Kill your darlings, kill your darlings, even when it breaks your egocentric little scribbler’s heart, kill your darlings. —Stephen King

I wanted to yell at them all through the television screen! I couldn’t believe they were letting emotions and egos get in the way of making their business dreams come true. I was apalled that they didn’t jump at the chance to take advice from an objective, extremely successful, professional entrepreneur. I could see several psychological biases at play in the budding entrepreneurs’ decision-making, things like confirmation bias, which causes us to focus on information that supports our position and to discount information that doesn’t, and sunk-cost fallacy, which makes us reluctant to let go of all we’ve already invested in a failing endeavor, like a business or a relationship.

As I was smugly judging their lack of business savvy and foresight from the comfort of my cozy recliner, it suddenly hit me that, as a writer, I’ve done the same thing. I get emotionally attached to what I’ve written, to my own words, and after working hard to get the words just right, I’m proud of them. When a professional editor has the audacity to suggest that I change something I’ve written, my first reaction might be that they don’t get it, or worse, they don’t get me. Rather than consider whether I should make the change, I find myself wanting to convince the editor that the words are perfect just as they are.

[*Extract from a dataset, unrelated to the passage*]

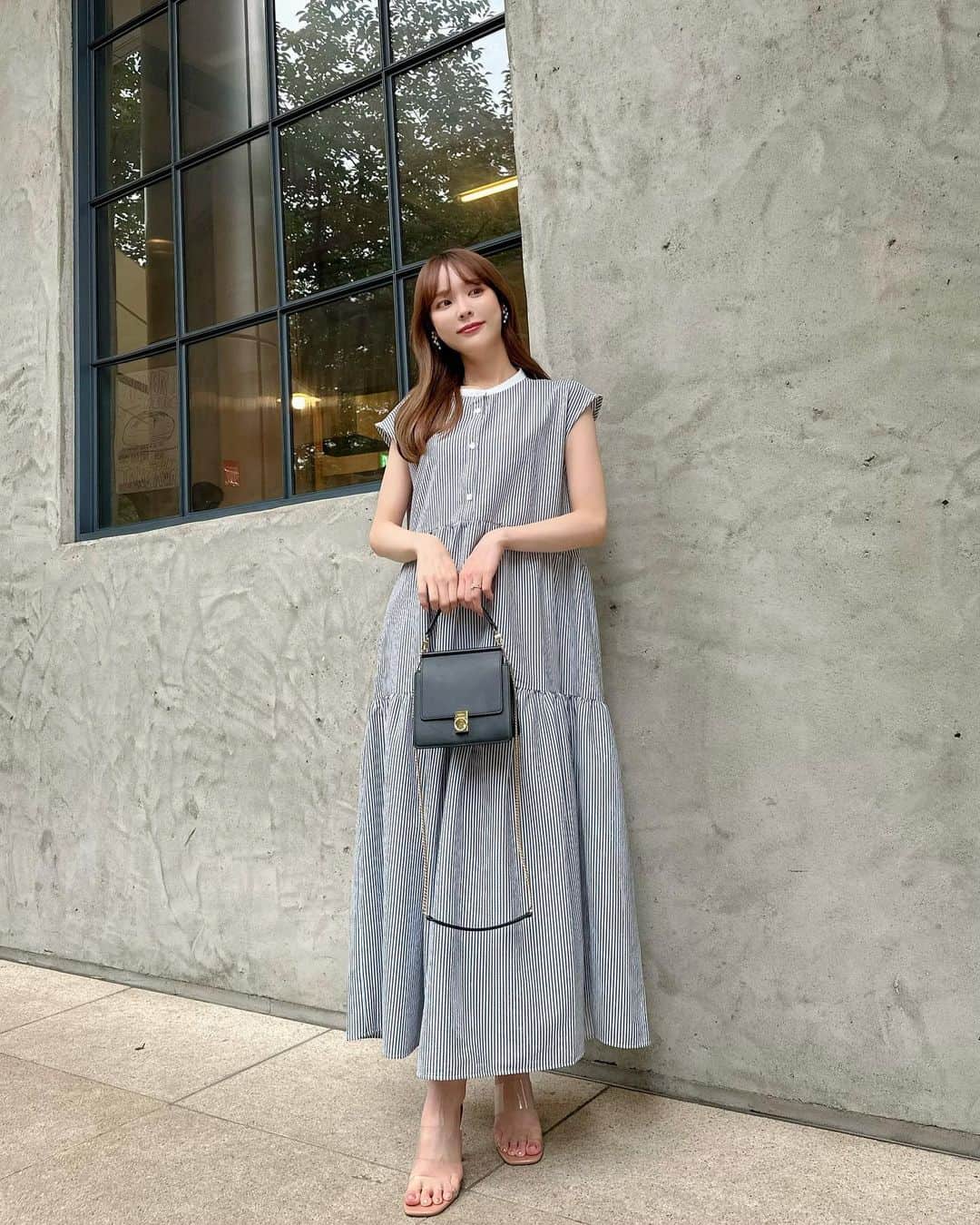 磯田 ひかる(Hikaru Isoda) のインスタグラム：「こんばんは🌙 雨降ったり降らなかったり謎な天気が続きますね🥹  ジメジメ暑い日はもうノースリ着ちゃいます😵‍💫🪽 暑がりなので夏がどうなることやら、、、  【着用アイテム】 Dress @classicalelf_official  バックリボン ティアードワンピース 28%OFF ブラック サイズM ¥4,998税込  Shoes @zara  Bag @polene_paris   ------------------------------ picaru：162cm / 骨格ウェーブ 1st ブライトスプリング 2nd ブライトサマー  大人可愛いスタイルアップコーデ ヘアメイクを合わせた トータルスタイリングを提案🤍  不定期にストーリーで ファッションお悩み相談募集中🥰 ------------------------------  他の投稿を見る→【@picaruuu】」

When this light bulb went off, I was suddenly a little more sympathetic to the difficulty the business owners had letting go of their creations. I also realized that I have to take my own advice and do a better job of receiving criticism in the future. When a professional makes a suggestion as to how to improve a story, it’s a gift.  We can’t be objective about our own writing. The emotional attachment and the ego is too strong. We have to rely on others to see past those things for us.

You know, for all writers, you kind of have a compost heap. And if any of you are not gardeners, kitchen people, the compost heap is where you throw all of the garden and the kitchen rubbish, the food scraps– you throw it all on the compost heap. And then it rots down. And a year or so later, you look around. And you just have this lovely brown stuff that you can put on the garden, out of which flowers and vegetables will grow. —Neil Gaiman

That doesn’t mean I won’t stand up for my words when it’s appropriate to do so. Sometimes, I get suggestions which would truly change my voice, which would change my words to something I would never in a million years say, and which would be disingenuous. In those cases, I can often take the essence of the suggestion and find a way to rephrase and improve the passage, while still maintaining my unique voice.

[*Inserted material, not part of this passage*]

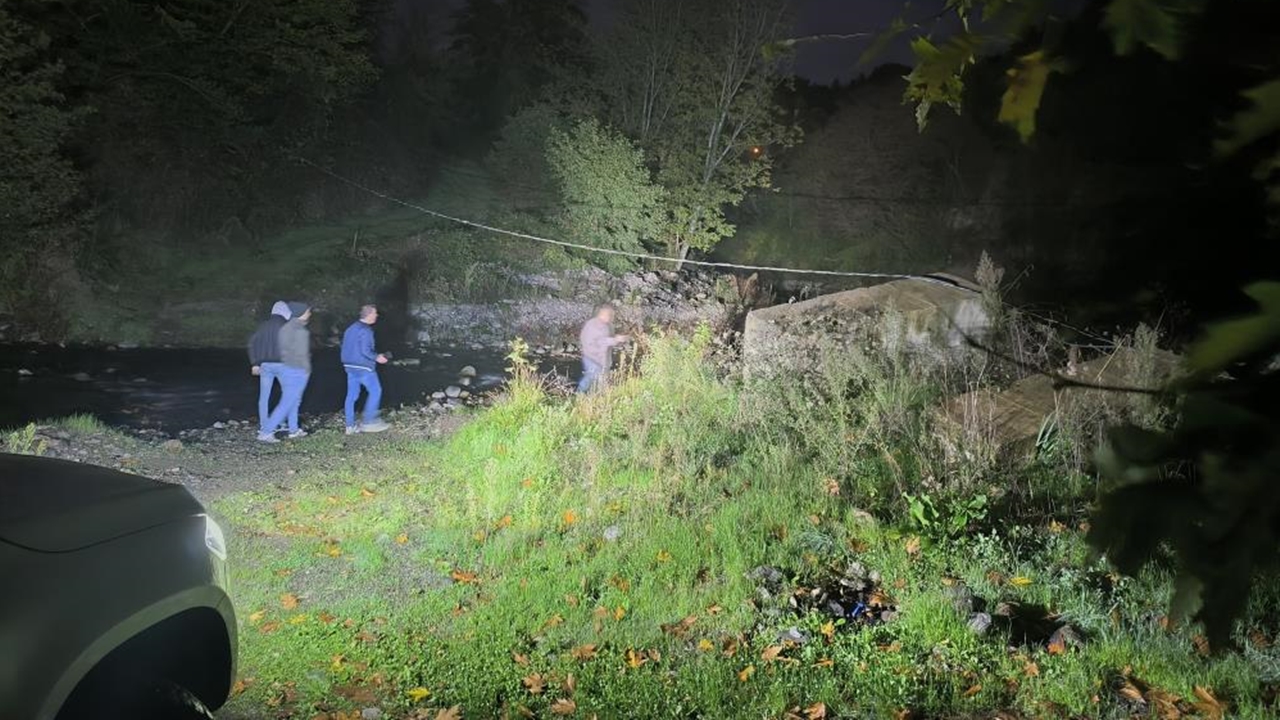 Huriye Helvacı Ile 5 Yaşındaki Oğlu Osman Helvacı (2)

Sometimes, I dig in harder, convinced the editor truly doesn’t get what I’m trying to accomplish. At such times, I have to be ready to defend my words in terms of facts and to explain as objectively as possible why the way I wrote it works best. At the same time, I have to consider the possibility that, if the editor doesn’t get it, the reader probably won’t either.

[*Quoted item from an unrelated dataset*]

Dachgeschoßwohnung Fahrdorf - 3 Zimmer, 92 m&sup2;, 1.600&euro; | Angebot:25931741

And sometimes, I have to put my own attachments and my ego aside, realize the editor knows what they’re talking about, and make the change. William Faulkner said, “In writing, you must kill all your darlings.” Stephen King was even more insistent:  “Kill your darlings, kill your darlings, even when it breaks your egocentric little scribbler’s heart, kill your darlings.” The things we are most emotionally attached to as writers, our darlings, may not serve the story or may be distracting or (gasp) boring to readers. When that’s the case, we have to learn to let them go for the greater good. And as Neil Gaiman has said, our darlings are not lost forever. We can save them in what he calls the compost heap, for another day, another story. Knowing this makes it easier to let them go.